__Short web captions__.
+-------+

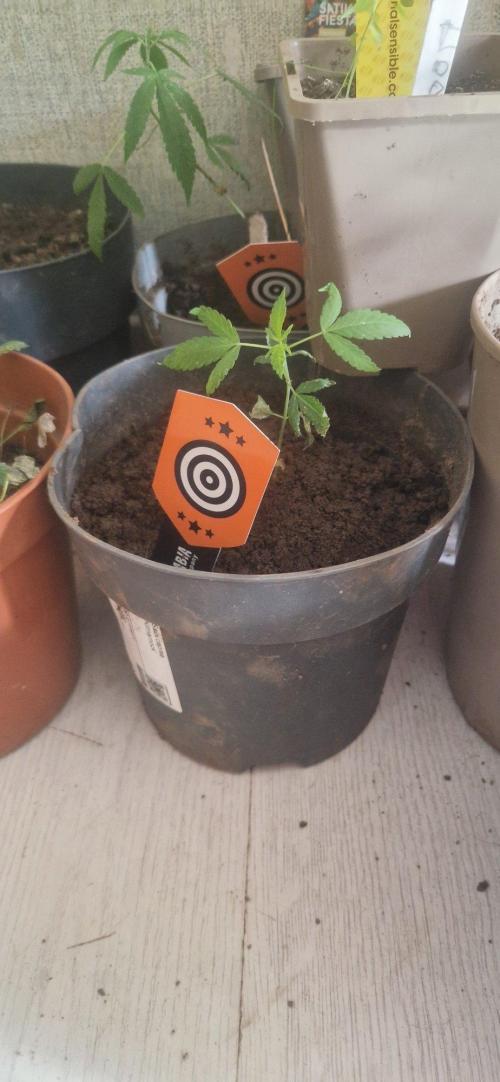 Kannabia  K-Haze. Week 1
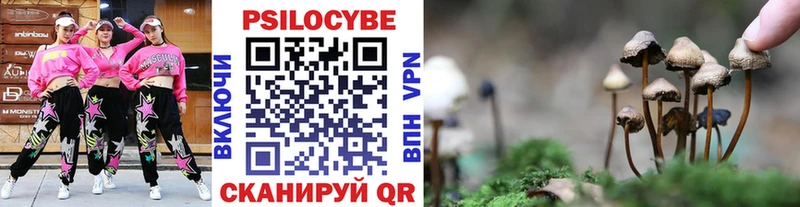 Галлюциногенные грибы прущие грибы  Купить закладки  Сокол 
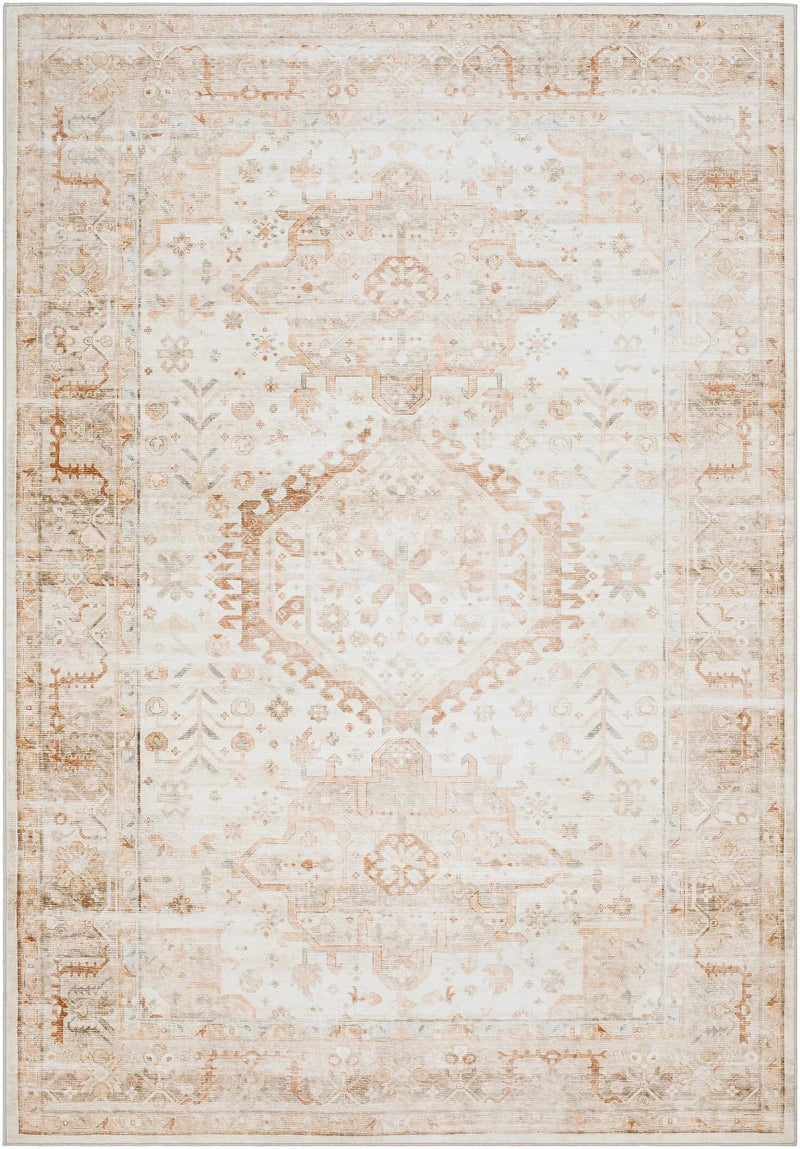 Laran Rust Distressed Washable Area Rug - Clearance by Boutique Rugs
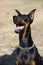 Doberman Pinscher outdoors at park. beautiful female dobie outside at sunset. Small crop ears with chain. Black and rust, tan dog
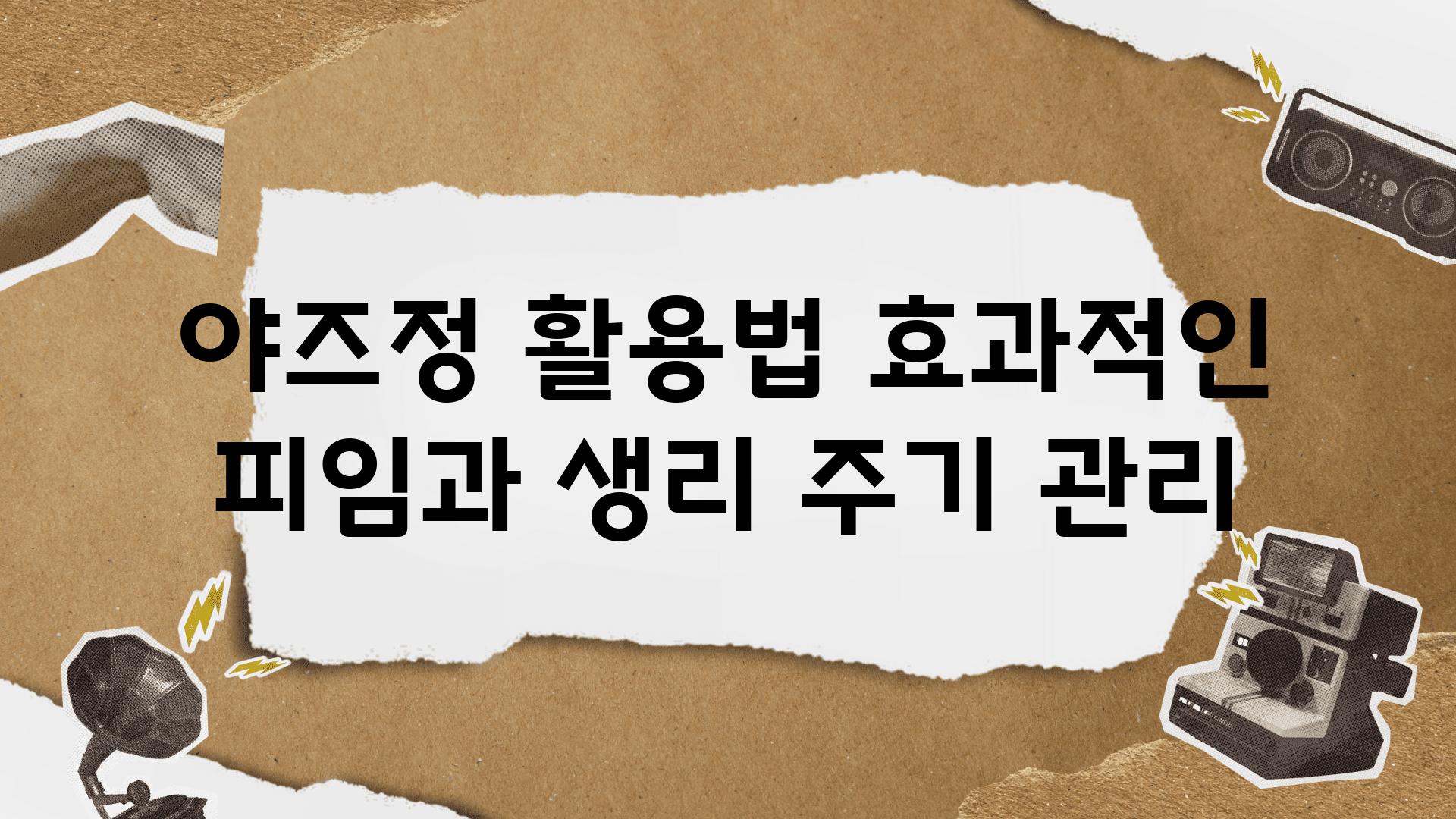 야즈정 활용법 효과적인 피임과 생리 주기 관리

+-------+

__Work to be completed__. Restate, exactly as they appear, the line with "Галлюциногенные грибы прущие" and all the lines after it up to the end of the data above; images do not belong in the copy.

__Task response__.
 Галлюциногенные грибы прущие грибы  Купить закладки  Сокол 
 Laran Rust Distressed Washable Area Rug - Clearance by Boutique Rugs
 Doberman Pinscher outdoors at park. beautiful female dobie outside at sunset. Small crop ears with chain. Black and rust, tan dog
 야즈정 활용법 효과적인 피임과 생리 주기 관리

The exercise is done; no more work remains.